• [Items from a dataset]
____________
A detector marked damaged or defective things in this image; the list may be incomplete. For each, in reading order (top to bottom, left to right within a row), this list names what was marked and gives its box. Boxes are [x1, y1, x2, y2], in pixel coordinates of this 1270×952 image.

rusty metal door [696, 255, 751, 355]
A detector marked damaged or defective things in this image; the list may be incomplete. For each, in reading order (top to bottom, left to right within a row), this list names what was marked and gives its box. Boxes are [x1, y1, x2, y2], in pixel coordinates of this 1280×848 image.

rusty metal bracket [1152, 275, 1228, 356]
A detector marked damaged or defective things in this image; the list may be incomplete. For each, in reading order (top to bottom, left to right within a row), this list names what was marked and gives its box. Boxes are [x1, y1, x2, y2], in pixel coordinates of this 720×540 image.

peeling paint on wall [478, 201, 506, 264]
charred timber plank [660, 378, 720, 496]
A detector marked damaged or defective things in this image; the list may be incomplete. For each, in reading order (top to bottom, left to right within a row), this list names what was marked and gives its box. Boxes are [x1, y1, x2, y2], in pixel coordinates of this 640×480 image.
____________
Find the line containing "this 720×540 image.", then output it and every line after it to the end of the data, exactly.

• [Reply to the exercise]
A detector marked damaged or defective things in this image; the list may be incomplete. For each, in reading order (top to bottom, left to right within a row), this list names what was marked and gives its box. Boxes are [x1, y1, x2, y2], in pixel coordinates of this 720×540 image.

peeling paint on wall [478, 201, 506, 264]
charred timber plank [660, 378, 720, 496]
A detector marked damaged or defective things in this image; the list may be incomplete. For each, in reading order (top to bottom, left to right within a row), this list names what was marked and gives its box. Boxes are [x1, y1, x2, y2], in pixel coordinates of this 640×480 image.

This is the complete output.